Tran Anh Tuan, deputy director of the HCMC Center for Human Resources Forecasting and Labor Market Information, cited an ILO report as saying that the risk of losing jobs has increased in the 4.0 industrial revolution era. 

Vietnam has been warned that 5 million jobs may be lost by 2020 as it has a 3.79/10 score for the quality of the labor force, ranked 11th out of 12 countries in Asia, and a 4.3/10 score in human resources competitiveness index.

Other indicators for Vietnamese workers are also low. Only 20.3% of Vietnamese workers had training or degrees/certificates in 2015. Vietnamese are weak at soft skills, such as foreign language, IT, teamwork, communication, and professional ethics.

It is expected that 56% of workers in five South East Asian countries, including Vietnam, may lose their jobs because of robots.

The ILO report also pointed out that 86% of workers in the textile & garment industry in Vietnam, 64% in Indonesia and 88% in Cambodia will face the risk of losing jobs in the context of growing automation.

 The early warnings about the appearance of robots which would replace people in production lines were ignored by Vietnamese. They thought that robots could exist only in foreign factories, not in Vietnam, where manufacturers are not rich enough to buy robots.

 But more robots have appeared at Vietnam’s manufacturing workshops.

 Pham Van Viet, general director of VitaJean, said modern machines are expected to replace 60-80% of workers. The modernization has allowed the company to cut staff from 1,800 to 1,250 and then to 800.

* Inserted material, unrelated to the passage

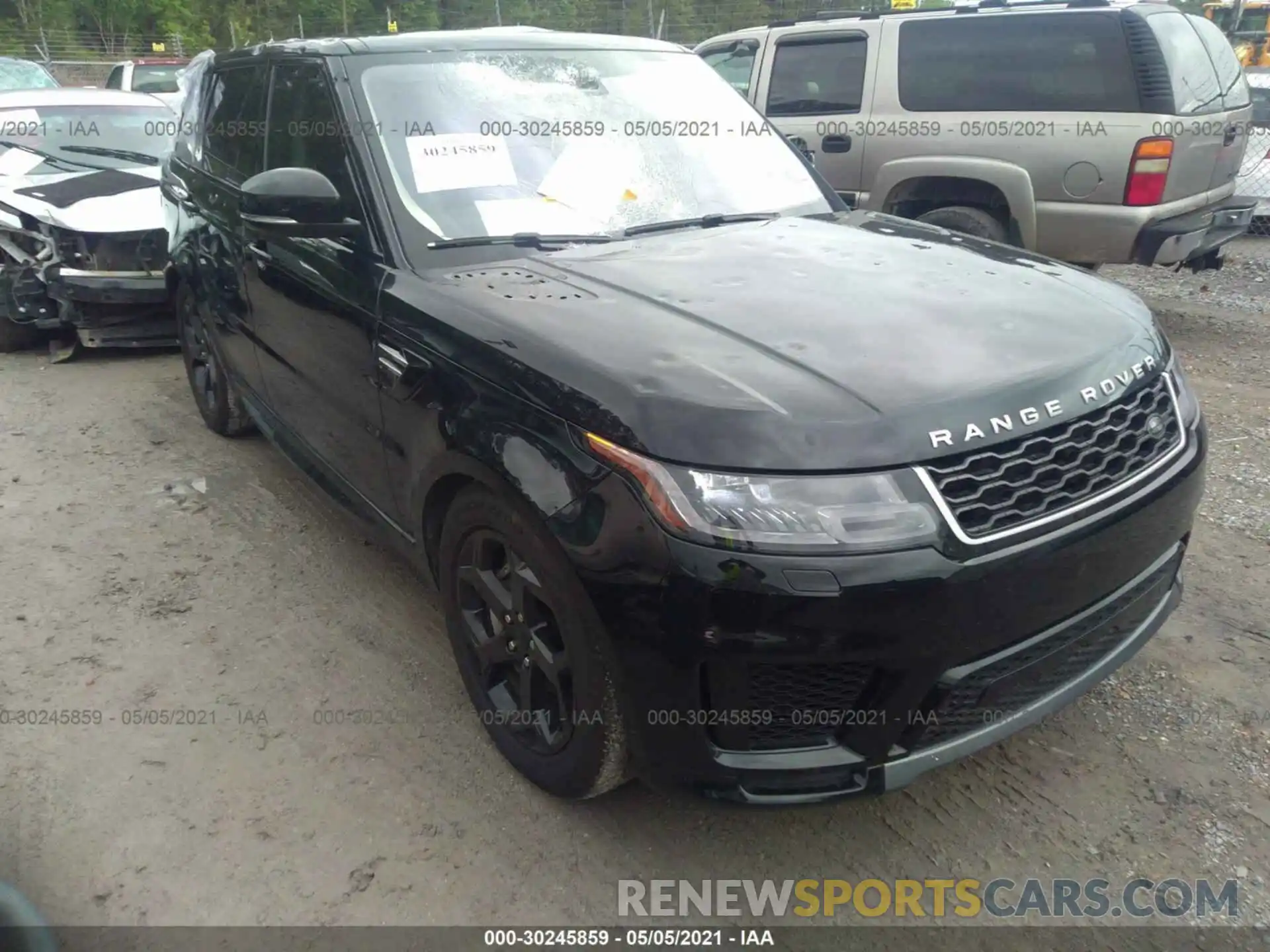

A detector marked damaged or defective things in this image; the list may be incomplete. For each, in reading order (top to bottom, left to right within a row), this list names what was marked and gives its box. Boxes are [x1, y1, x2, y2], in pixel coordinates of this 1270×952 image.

damaged hood [0, 163, 164, 231]
wrecked white car [0, 89, 176, 354]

 “In the future, we will retain 450 high-quality workers only,” Viet said, adding that the installation of the automatic production line is scheduled to be completed by 2019. 

 It would allow VitaJean to cut production costs by 20%. The company plans to take back investment capital after five years.

 Namilux, a gas cooker manufacturer, has been automating its production line for the last six to seven years. With the new production line, two workers can handle the workload of eight workers.

 Namilux’s general director Nguyen Manh Dung said enterprises can cut the labor cost by three to four times, while the figure could be 10 times in some industries.

 Vu Quang Tho from the Vietnam Labor Federation said Vietnam needs to begin applying measures to support workers now. He suggested that enterprises, especially foreign invested ones, make commitments about the number of workers they will use.